Deuxième voyage

Vendredi 5 juillet 1918


Me voici à Marseille depuis lundi matin à dix heures. J’ai fait un très bon voyage jusqu’à Lyon. Aucun ennui à la douane. Arrivé à Lyon à 21h30, je pensais me reposer un peu dans un bon lit, mais pas malheur, pas un hôtel n’était libre, je n’ai pas pu trouver la moindre mansarde. Las de courir la ville en quête d’un logement j’ai voulu me reposer sur un banc. Il était 23h00 mais les agents ne l’entendaient pas ainsi, et ils m’ont prié d’un ton péremptoire de « circuler ». Je suis reparti à la gare, les salles d’attente étaient pleines de permissionnaires. Le buffet encore ouvert restait me seule ressource et j’ai pu m’y reposer jusqu’à une heure tout en prenant un café. D’une heure à quatre heures, j’ai dormi sur un banc comme un vagabond. Mon train partait à 04h30 et m’a transporté en quelques heures à Marseille. Je pars demain samedi à destination de Cotonou et Porto Novo à bord du magnifique Paquebot Louis Fraisinet. Je voyagerai en première classe pendant les quarante et quelques jours qu’il faut pour un si long parcours. De Marseille nous toucherons probablement Gibraltar, Dakar et tous les ports de la côte jusqu’à Cotonou. J’espère que tout ira bien et que les sous-marins allemands ne troubleront pas notre traversée. Dans quelques jours je voguerai au milieu de l’océan, vers des pays inconnus, plus beau que le Sénégal.

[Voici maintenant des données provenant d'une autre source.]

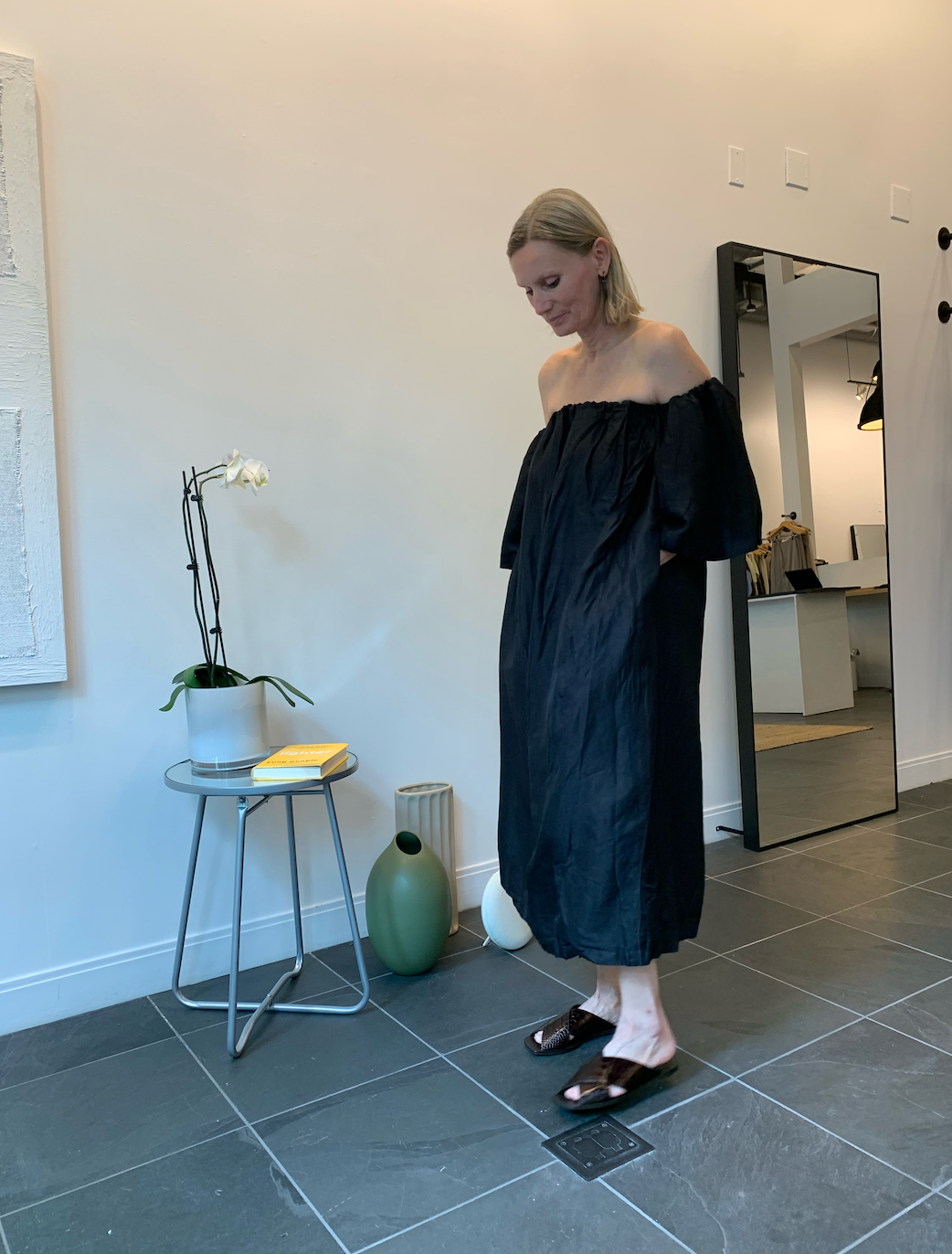 Alas Eius black linen off the shoulder midi dress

Samedi 6 juillet 1918 à bord du Louis Fraissinet

C’est le moment du départ, la sirène vient de lancer un long et lugubre rugissement, comme celui d’une bête traquée. Nous sommes sur le pont de première avec cinq jeunes gens suisses qui font leur premier voyage. Le vapeur quitte lentement le quai, traîné par deux petits remorqueurs. La mer est calme, sillonnée de vapeurs et de voiliers. La nuit s’avance, j’ai hâte de dormir, l’air vif du large, les courses de la journée, et aussi la fièvre du départ m’ont fatigué. Je partage ma cabine avec un genevois qui se rend comme moi vers la côte africaine.

Lundi 8 juillet 1918

Je me suis réveillé de bonne heure ce matin. Nous longeons la côte espagnole. Nous sommes seuls en mer, le temps est superbe la mer est limpide, aucun tangage ni le moindre roulis. Je suis assis sur le banc de la passerelle des premières, et je lis les Pécheurs d’Islande de Lotti, ce livre m’enchante tellement que j’en oublie d’admirer le paysage, qui est pourtant de toute beauté, nous avons passé devant Barcelone, Valence, Alicante, Almeria, demain nous toucherons Gibraltar où nous descendrons un ou deux jours.
Il m’est arrivé un incident amusant. Il y a à bord un certain nombre d’officiers et parmi eux un sergent qui me regardait avec insistance depuis le départ. Enfin hier il s’est avancé vers moi et me dit :
« Vous n’êtes pas Marcel Linder de Morges ? »
- « Mais oui, en personne ».
Alors le sergent l’air heureux m’a expliqué tout de suite ses souvenirs à mon égard.
« Vous souvenez-vous de la petite Adèle qui venait chaque année en vacances à Morges ? Vous étiez je crois, à cette époque, son petit bon ami. Je suis son frère, nous avons joué ensemble vous et moi avec mes cousins. Je me suis engagé et après trois ans de front je suis Sergent, décoré, croix de guerre, médaille militaire et Nicha ».
Pensez mon étonnement en reconnaissant enfin ce camarade d’enfance, le frère de la petite Adèle et les souvenirs de revenir en foule, c’est si loin et c’est si bon les souvenirs.

Mardi 9 juillet 1918

Nous n’arriverons que demain à Gibraltar. Le temps est toujours calme. Un superbe voilier trois mâts passe majestueusement près de nous. Nous longeons les côtes espagnoles, montagneuses, arides et sauvages. De temps en temps nous sommes en vue d’une petite ville, de quelques maisons blanches étalées sur la côte.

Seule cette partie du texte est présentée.